General information
- Type: Training aircraft
- Manufacturer: Yakovlev
- Primary user: Soviet Air Force
- Number built: 1

History
- First flight: 7 September 1944
- Developed from: Yakovlev UT-2

= Yakovlev Yak-5 =

The Yakovlev Yak-5 (Яковлев Як-5) was an experimental trainer aircraft designed by Yakovlev OKB in the Soviet Union, and first flown in 1944.

==Development and design==
In 1944, the Yakovlev UT-2 was the standard primary trainer of the Soviet Air Forces, but its simplicity caused problems when pilots moved on to more sophisticated aircraft, so the Yakovlev design bureau designed a more sophisticated derivative, the UT-2L, which featured an enclosed tandem cockpit, the addition of flaps and blind flying instruments.

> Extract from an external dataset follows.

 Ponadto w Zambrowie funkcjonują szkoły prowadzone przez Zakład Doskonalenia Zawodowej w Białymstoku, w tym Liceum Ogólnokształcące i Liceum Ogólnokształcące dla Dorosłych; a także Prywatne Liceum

At the same time, Yakovlev designed a single-seat aircraft based on the UT-2L, intended as a fighter-trainer. This aircraft, the Yak-5, was a low-wing monoplane of wooden construction, but unlike the UT-2, had the front cockpit removed and an enclosed sliding canopy placed over the rear cockpit. A retractable tailwheel undercarriage replaced the fixed landing gear of the UT-2. It was powered by a Shvetsov M-11D five-cylinder radial producing 115 hp (86 kW), which drove a two-bladed variable-pitch propeller. It could be fitted with a single synchronized ShKAS machine gun aimed by a reflector sight, while the aircraft was also fitted with a radio.

==Operational history==
The prototype Yak-5 first flew on 7 September 1944. The new fighter-trainer's handling proved popular with its test pilots, and the aircraft successfully passed official evaluation. In the end, neither the UT-2L or the Yak-5 entered production because the Soviet Air Force command believed wooden aircraft were becoming obsolete, which would result in production of the all-metal Yakovlev Yak-18 trainer in late 1945. The sole Yak-5 was destroyed when it suffered failure of the wooden wing during a snap roll and crashed.